He shook his head over the vagaries of family life and turned his attention to the letter in his hand.

Carl’s grandson, Eric, had recently graduated from a reputable business school.   He had contacted Stefan, ostensibly to thank him for his generous support during his education, and to congratulate his cousin on the birth of his first grandson.  He concluded his letter with the statement that he would welcome a chance to become involved in the family firm, should there be any capacity Stefan might think it suitable for him to undertake.  Stefan had been considering the matter, without reference to John – for whom the regulations laid down by his Grandpa Henrik were law – and it now seemed to him that Eric could lift the tedious and the mundane from his gifted son, without compromising the ideal of family.  John could not carry the load alone, and his sister and her husband were not interested in the company.  Until Adam was of an age to assist his father, Eric could be a useful adjutant. 
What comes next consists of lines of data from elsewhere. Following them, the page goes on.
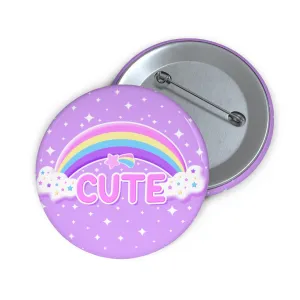 Rainbow Cute Magic Purple Button Badge Pin (2.25")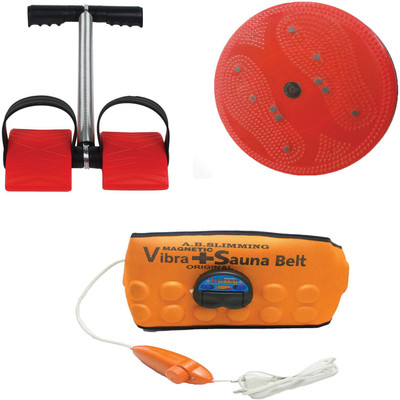 

WIB 3 IN 1 Vibrating Magnetic Slimming Belt Tummy Trimmer Resistance Tube With Twister(Set of 3)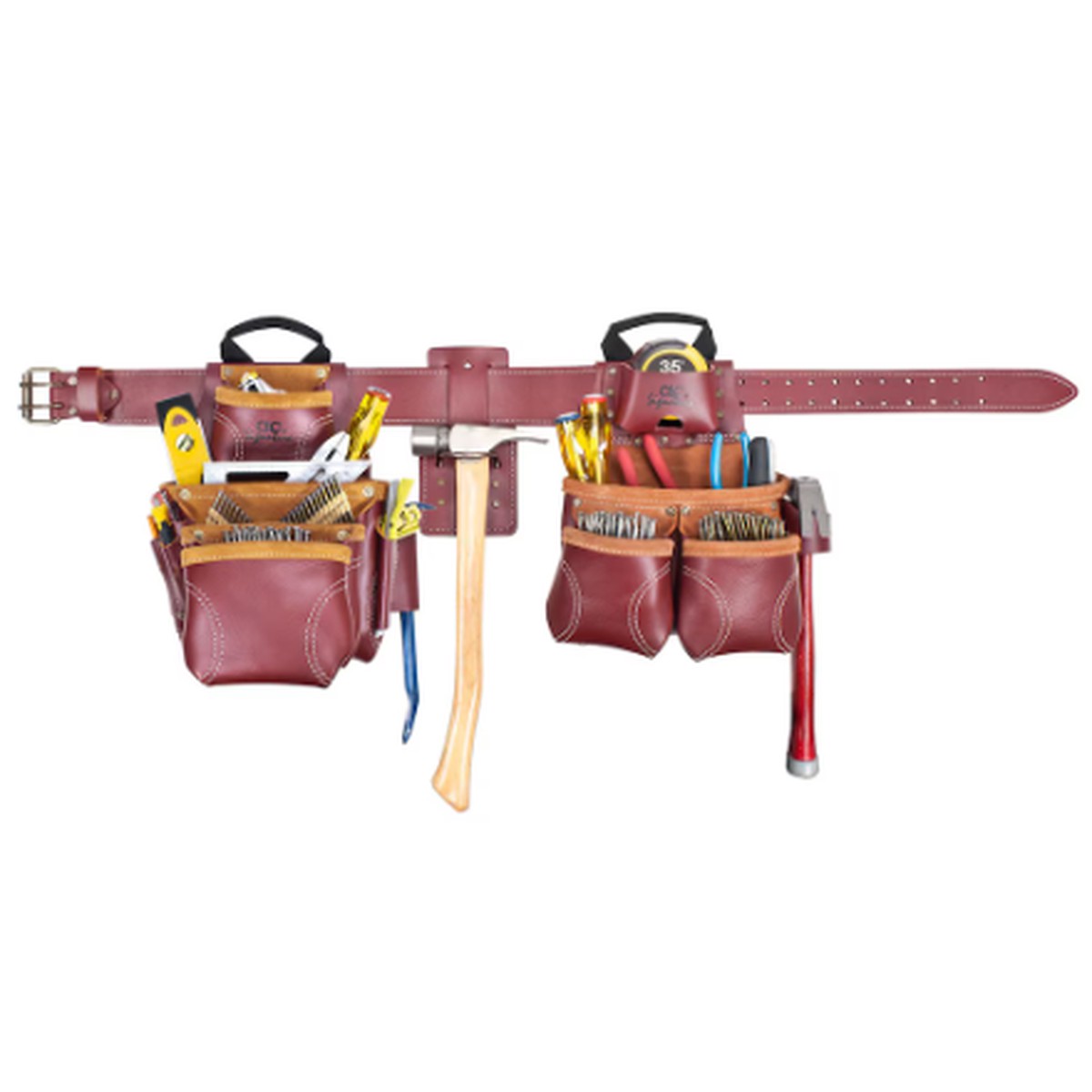 Tool Belt - Kuny's 19 Pocket Top of the Line Pro Framer's Heavy Duty Leather Combo System, Large or X-Large, 21455 / 21455X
Stefan resolved to invite the man in for a meeting and dictated the reply there and then.

 

~oo0oo~

 

One week later Eric Svenson arrived at the SvenCorp offices and presented himself at the reception desk.    The security guards looked him up and down with some suspicion; he did not conform to the family blueprint.  He was of average height, stockily built, with a pale complexion liberally covered with freckles and hair which had an undeniably red tinge to it.  His eyes were a strange mixture of hazel-green and grey.  He wore metal-rimmed glasses, a good quality suit and brightly polished black shoes, yet still managed to look a little dowdy and uncomfortable.  They sent him up to the executive offices with benign smiles, which to Eric’s nervous eyes carried more than a hint of amusement.
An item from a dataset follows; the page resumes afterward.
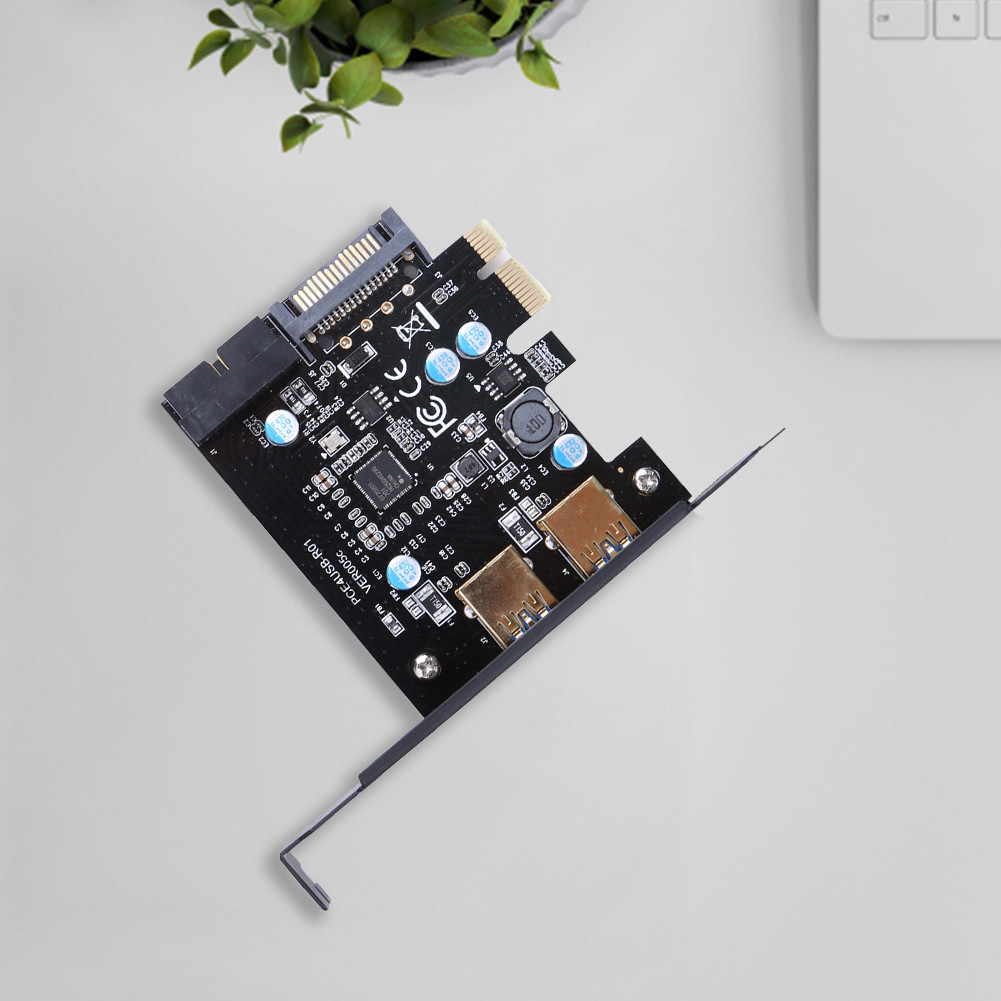 PCI-E to USB 3.0 2 Port PCI Express Expansion Card 19-Pin Laptop Docking Station Power Adapter for B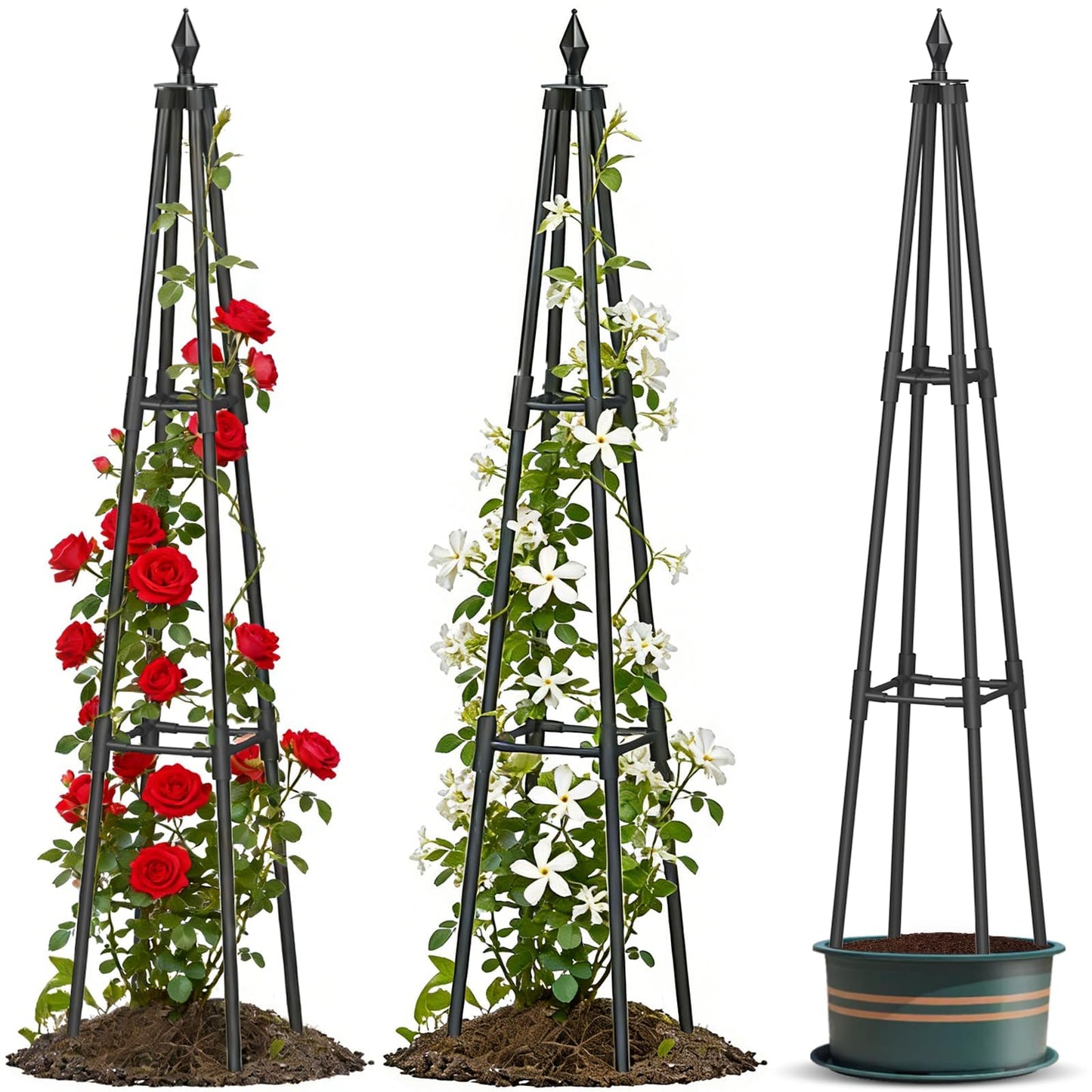 Obelisk Trellis for Climbing Plants, 4 FT Garden Trellises with 16mm Thickened Plastic-Coated Metal Pipes, Trellis for Climbing Potted Plant Vine Flower Rose Vegetable Tomato Cucumber Outdoor Indoor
Stefan was rather surprised at the sight of the man he met at the elevator door and half-wondered if it really was Eric.

“Welcome to Boston, Eric,” he said with a convivial smile, courteously extending his hand.

“It is very good of you to see me… Mr Svenson,” Eric faltered, shaking the proffered hand.
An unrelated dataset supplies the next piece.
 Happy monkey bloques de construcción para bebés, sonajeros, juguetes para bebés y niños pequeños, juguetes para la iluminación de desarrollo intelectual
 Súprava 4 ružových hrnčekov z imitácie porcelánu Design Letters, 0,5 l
“Call me Stefan – we are family, after all.” Stefan gave the young man another reassuring smile as he led the way into his office. “After I received your letter, I began to think it was time to heal this breach between us all.  What may have had relevance to our parents and grandparents should not carry the same weight with us and I would like to think that we can move on.   I was sorry to hear that your mother had passed away last year… she must have had a pretty bad time of it.  I always hoped she would get in touch with me again, once she had recovered from the shock of your father’s death… I was sorry she did not.”

Privately, Eric thought he ought to be grateful his mother had not contacted them.

Stefan continued, “My son has the day off today – it’s our wedding anniversary, mine and Karen’s - and these things need to be acknowledged – at least they do if you want to avoid an earful from your wife!   However, I expect him here shortly with his family, as we are all going to lunch – Karen  is meeting up with our daughter, Kristina,  and her husband,  and meeting us at the restaurant.  Perhaps you would like to join us?”

“I don’t want to intrude…”  Eric gave a thin lipped smile as he glanced around the office with its understated plush décor of leather chairs and solid wooden desks and the confident assertion of wealth in the modern art on the walls.  He suspected the suit his cousin was wearing cost more than every item of clothing he possessed.  He had spent his last savings on the new suit and shoes he was wearing… shoes that were rubbing his heels raw.  He knew he had no legal claim to any of this wealth, but he couldn’t help thinking that, out of fairness, Stefan ought to give him a good job and a decent salary.  After all, he was a Svenson too.

 Stefan waved the doubts away with an expressive gesture.  “I would like you to meet my son – John - and then, if you like the idea, the two of you might work together?  I know John is in need of some assistance, especially right now, with the youngster disrupting everything so much.  If you and John can see eye to eye, then I think we can sort out the remuneration package to everyone’s satisfaction, Eric.  SvenCorp likes to think of itself as a generous employer.”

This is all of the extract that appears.